* Problem:
Write down every entry once more, exactly as it reads.

* Records to process:
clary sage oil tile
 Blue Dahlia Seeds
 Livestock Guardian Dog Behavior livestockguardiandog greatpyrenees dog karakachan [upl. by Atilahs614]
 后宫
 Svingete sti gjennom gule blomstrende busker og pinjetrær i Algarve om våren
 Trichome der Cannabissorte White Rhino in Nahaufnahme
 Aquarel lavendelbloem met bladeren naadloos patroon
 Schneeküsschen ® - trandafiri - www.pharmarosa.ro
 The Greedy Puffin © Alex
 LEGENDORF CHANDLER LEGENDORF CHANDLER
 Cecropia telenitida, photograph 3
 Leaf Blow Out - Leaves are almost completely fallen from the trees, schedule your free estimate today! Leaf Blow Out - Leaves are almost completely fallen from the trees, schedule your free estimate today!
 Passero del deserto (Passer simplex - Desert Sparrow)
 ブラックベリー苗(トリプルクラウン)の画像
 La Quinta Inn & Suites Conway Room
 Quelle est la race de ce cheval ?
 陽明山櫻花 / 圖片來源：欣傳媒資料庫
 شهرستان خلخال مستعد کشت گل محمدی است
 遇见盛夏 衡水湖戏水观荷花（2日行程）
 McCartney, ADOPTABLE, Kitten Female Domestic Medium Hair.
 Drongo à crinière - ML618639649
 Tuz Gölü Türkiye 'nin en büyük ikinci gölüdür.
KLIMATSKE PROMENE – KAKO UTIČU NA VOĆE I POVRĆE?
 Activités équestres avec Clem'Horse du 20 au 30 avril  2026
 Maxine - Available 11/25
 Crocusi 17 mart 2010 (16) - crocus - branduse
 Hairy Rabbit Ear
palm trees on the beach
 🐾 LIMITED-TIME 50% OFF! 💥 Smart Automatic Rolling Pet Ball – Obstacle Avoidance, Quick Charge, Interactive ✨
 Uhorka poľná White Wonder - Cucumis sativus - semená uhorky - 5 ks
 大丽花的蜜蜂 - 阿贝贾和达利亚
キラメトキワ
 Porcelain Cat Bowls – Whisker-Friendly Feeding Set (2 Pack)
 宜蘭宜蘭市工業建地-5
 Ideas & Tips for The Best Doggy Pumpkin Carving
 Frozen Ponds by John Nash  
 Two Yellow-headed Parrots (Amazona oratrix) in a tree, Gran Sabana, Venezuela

* Response box:
clary sage oil tile
 Blue Dahlia Seeds
 Livestock Guardian Dog Behavior livestockguardiandog greatpyrenees dog karakachan [upl. by Atilahs614]
 后宫
 Svingete sti gjennom gule blomstrende busker og pinjetrær i Algarve om våren
 Trichome der Cannabissorte White Rhino in Nahaufnahme
 Aquarel lavendelbloem met bladeren naadloos patroon
 Schneeküsschen ® - trandafiri - www.pharmarosa.ro
 The Greedy Puffin © Alex
 LEGENDORF CHANDLER LEGENDORF CHANDLER
 Cecropia telenitida, photograph 3
 Leaf Blow Out - Leaves are almost completely fallen from the trees, schedule your free estimate today! Leaf Blow Out - Leaves are almost completely fallen from the trees, schedule your free estimate today!
 Passero del deserto (Passer simplex - Desert Sparrow)
 ブラックベリー苗(トリプルクラウン)の画像
 La Quinta Inn & Suites Conway Room
 Quelle est la race de ce cheval ?
 陽明山櫻花 / 圖片來源：欣傳媒資料庫
 شهرستان خلخال مستعد کشت گل محمدی است
 遇见盛夏 衡水湖戏水观荷花（2日行程）
 McCartney, ADOPTABLE, Kitten Female Domestic Medium Hair.
 Drongo à crinière - ML618639649
 Tuz Gölü Türkiye 'nin en büyük ikinci gölüdür.
KLIMATSKE PROMENE – KAKO UTIČU NA VOĆE I POVRĆE?
 Activités équestres avec Clem'Horse du 20 au 30 avril  2026
 Maxine - Available 11/25
 Crocusi 17 mart 2010 (16) - crocus - branduse
 Hairy Rabbit Ear
palm trees on the beach
 🐾 LIMITED-TIME 50% OFF! 💥 Smart Automatic Rolling Pet Ball – Obstacle Avoidance, Quick Charge, Interactive ✨
 Uhorka poľná White Wonder - Cucumis sativus - semená uhorky - 5 ks
 大丽花的蜜蜂 - 阿贝贾和达利亚
キラメトキワ
 Porcelain Cat Bowls – Whisker-Friendly Feeding Set (2 Pack)
 宜蘭宜蘭市工業建地-5
 Ideas & Tips for The Best Doggy Pumpkin Carving
 Frozen Ponds by John Nash  
 Two Yellow-headed Parrots (Amazona oratrix) in a tree, Gran Sabana, Venezuela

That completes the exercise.